In the world of business-oriented software, we use the phrase ‘business logic’ a lot. In my particular area (WebSphere integration products), a typical pattern is to delegate ‘technical logic’ to mediation flows in WebSphere ESB, and to put ‘business logic’ in process flows in WebSphere Process Server. It doesn’t have to be that way, but that’s what many people encourage, as it seems to neatly match what the software can provide.
But what do we mean by the phrase ‘business logic’? Ultimately both business logic and technical logic come down to the same thing; instructions executed by the machine. I can implement both in mediation flows, Java, Perl, assembler, or shell scripts. So why the distinction? It really depends on one’s perception.
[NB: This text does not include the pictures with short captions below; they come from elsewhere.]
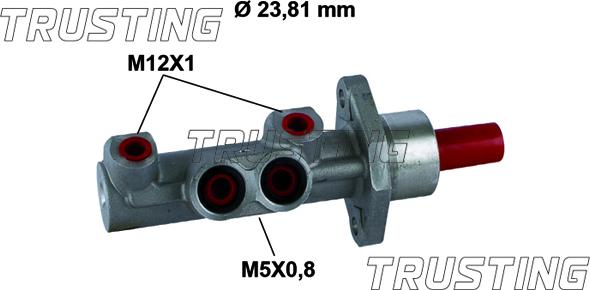 Trusting PF983 - Əyləc Baş Silindr furqanavto.az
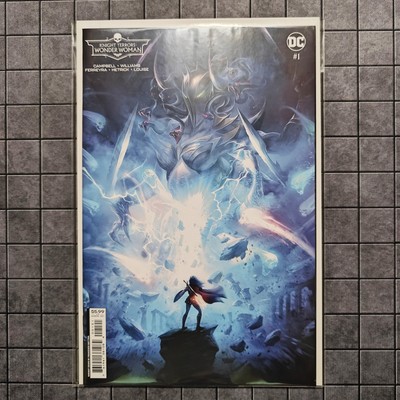 Knight Terrors: Wonder Woman #1 (Mattina Variant Cover B) - 2023 - UNREAD NM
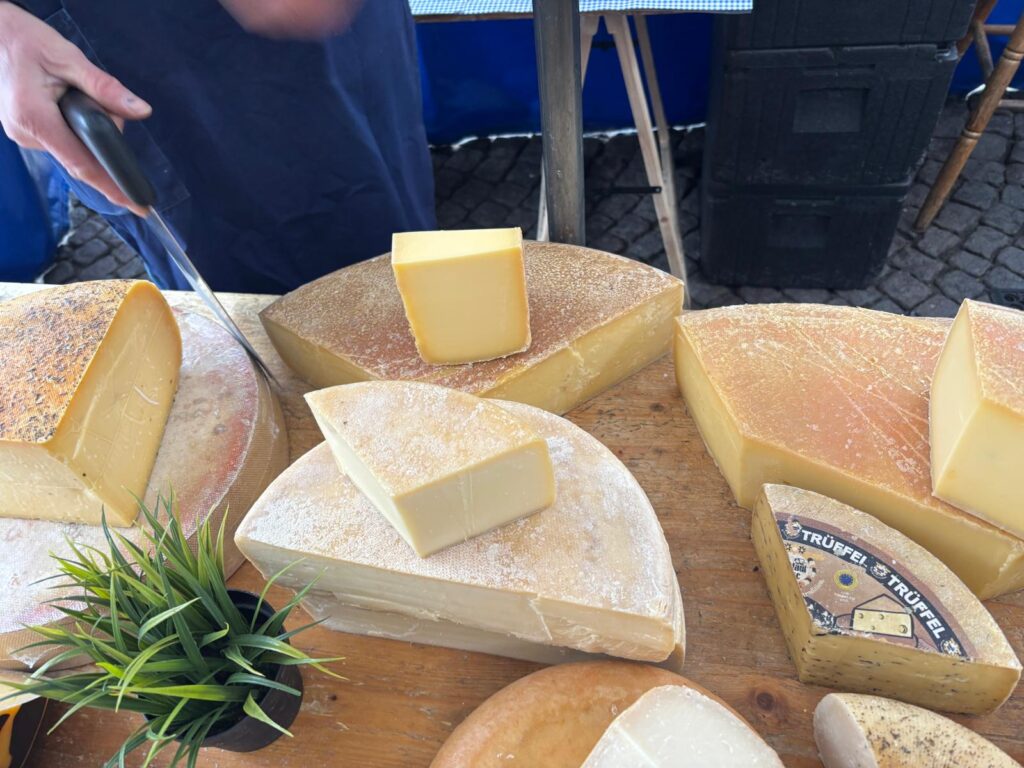 voyage fromage allemagne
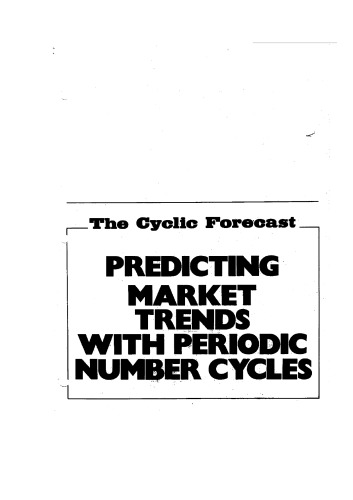 Predicting Market Trends With Periodic Number Cycles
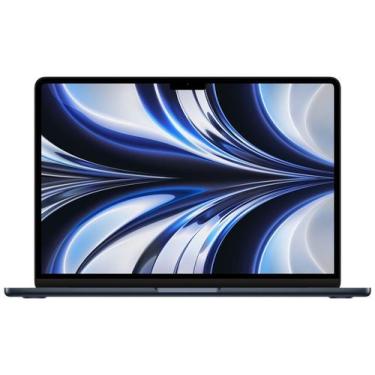 Imagem de Notebook Apple Macbook Air 13,6 M2 8Gb Ram 512Gb Ssd Meia-Noite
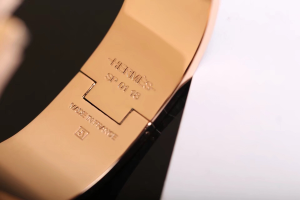 Luxury Womens Jewelry Hermes Clic Clac H Wide Bracelet Black A205PP240 AA146901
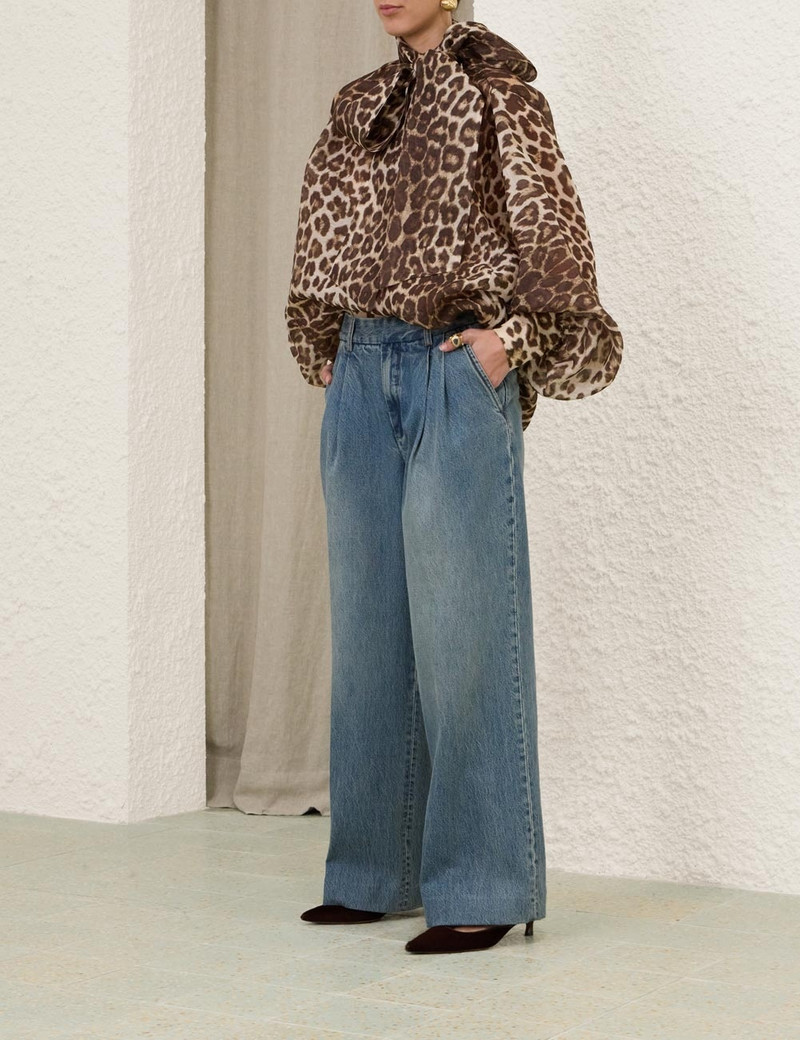 ILLUSTRATION DENIM PANT 3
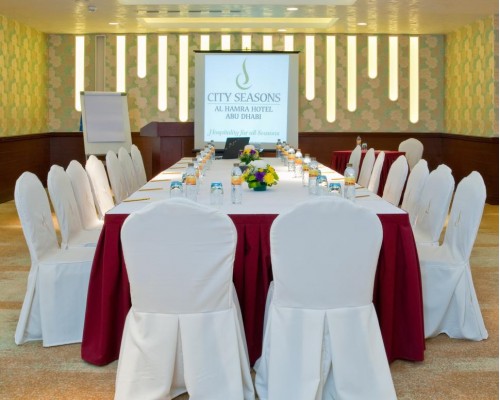 City Seasons Al Hamra Hotel 4* — Абу-Даби, ОАЭ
For example, let’s imagine we are developing an integration system for a peanut factory, and we are developing a system to handle the orders. A typical way we might encourage someone to use WebSphere ESB is at the boundary, to convert between the protocol used by the web-based bulk order system (say SOAP/HTTP) to the one used by the back-end production system (say JMS). The distinction between these isn’t important to the business; it doesn’t matter what format the message is in; it just has to be in a certain format because we need some integration and don’t want to change everything.
By comparison, we might encourage someone to use a business flow to model (say) the approval of orders of peanuts. The process might follow a number of steps, some of which might involve human intervention, to modify the order (message) accordingly - i.e. adding ‘approved’ or ‘denied’. This would be based on the size of the order, that customer’s past history, whether they were salted or (urgh) dry roasted - all things that are at the business level - things that we find interesting (assuming we like peanuts).
Therefore, let’s characterise the difference as follows:
Technical logic: Stuff we don’t want to do, but need to in order for everything to work.
Business logic: Stuff we do want to do - the reason we’re doing all this. We can not only decide on how to implement this (as we can with technical logic), we can also decide not to implement it all, or to implement different logic.
Therefore, these two types of logic are at different abstraction layers - the technical layer we’d love to make as simple as possible and hide away (and I’d like to think WebSphere ESB does a good job of helping IBM’s customers do that), whereas the business layer we find interesting and want to spend some time on. I mentioned something similar before as a best practice - I could rephrase that best practice here as: ‘Spend as much time as possible on the business logic, and as little time as possible on the technical logic’. It seems sensible, then, that to keep them separate (and there are plenty of patterns for doing just that) is a natural thing to want to do.
I’d love to hear some comments from my consultant colleagues on this: do you think this distinction is important? Does it impact the way you work day-to-day?